EXERCISE PROMPT = Leave the pictures out and quote every line from the start of the listing to the line with "Fog lights, remote", inclusive.

---------- MATERIAL PROVIDED

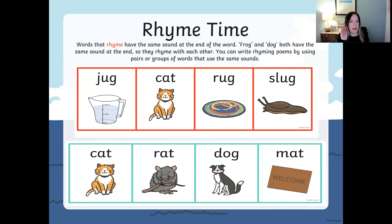Let's listen again for the words that sound the same — they have the same ending sound: jug, cat, rug, slug. Have you had a little think? Which one do you think is the odd one out? Which one doesn't rhyme? Well done if you chose cat. Cat doesn't rhyme with jug, rug, slug.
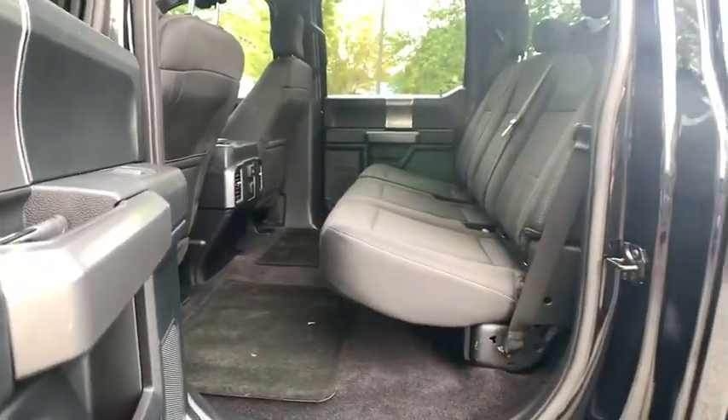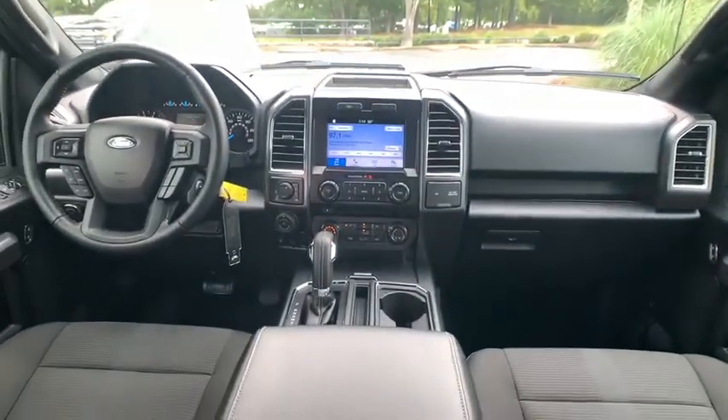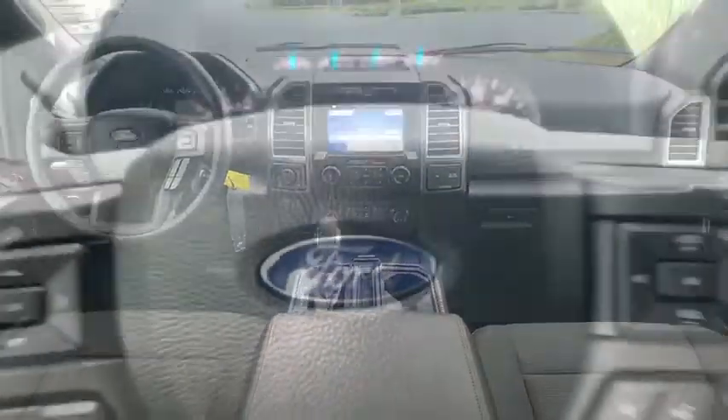Fog lights, remote keyless entry, brake assist, tachometer, panic alarm, driver vanity mirror, front reading lamps, tilt steering wheel, towing package.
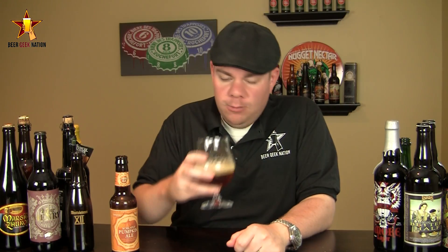The aroma on the Schlafly pumpkin ale — wow, massive amounts of cinnamon and nutmeg. There's a really sweet kind of breadiness to it; it almost smells like cinnamon toast. Maybe even a little bit of vanilla — I don't believe they're using it, but there's definitely a vanilla type of sweetness to it, a biscuity malty sweetness in there. Wow, just a really good smelling beer. It smells like baking pumpkin pie. Nice stuff.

--------------------

RESULT FOR THIS EXERCISE =
Let's listen again for the words that sound the same — they have the same ending sound: jug, cat, rug, slug. Have you had a little think? Which one do you think is the odd one out? Which one doesn't rhyme? Well done if you chose cat. Cat doesn't rhyme with jug, rug, slug.
Fog lights, remote keyless entry, brake assist, tachometer, panic alarm, driver vanity mirror, front reading lamps, tilt steering wheel, towing package.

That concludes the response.